* Assignment:
Without any of its pictures, the listing below should be output exactly.
Provided material: Begin
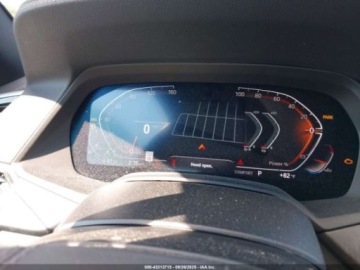 BMW X5 G05 2022 BMW X5 2022r., 4x4, 3.0L 3.0 Benzyna 335KM, zdjęcie 10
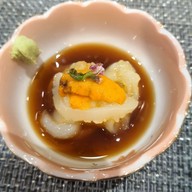 เมนูของร้าน Sushi Mega i mall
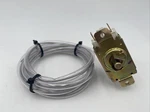 Ge Monogram Freezer Thermostat Control WR09X10020 3ART5C183 3ART5C195 95090 Used. Price: $399.95.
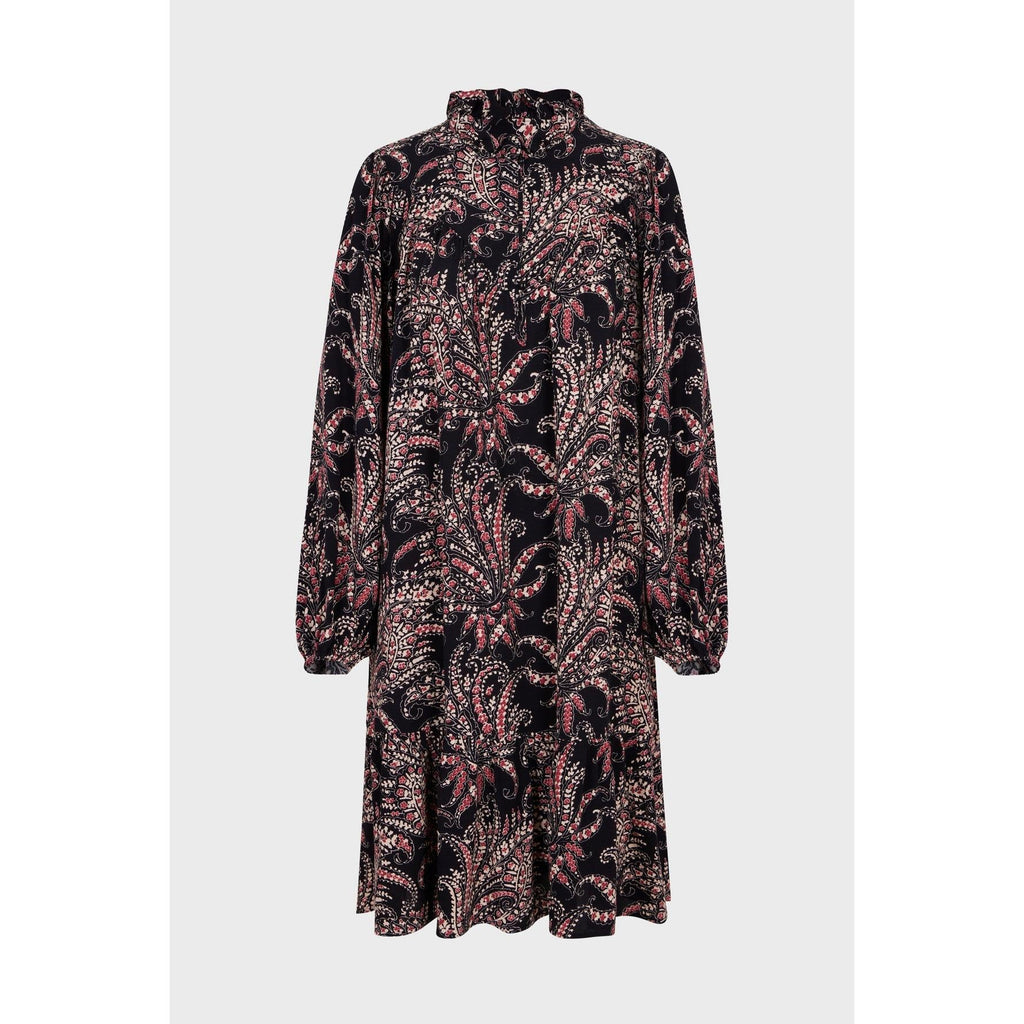 Robe Judy - Noir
Provided material: End
* Task output:
 BMW X5 G05 2022 BMW X5 2022r., 4x4, 3.0L 3.0 Benzyna 335KM, zdjęcie 10
 เมนูของร้าน Sushi Mega i mall
 Ge Monogram Freezer Thermostat Control WR09X10020 3ART5C183 3ART5C195 95090 Used. Price: $399.95.
 Robe Judy - Noir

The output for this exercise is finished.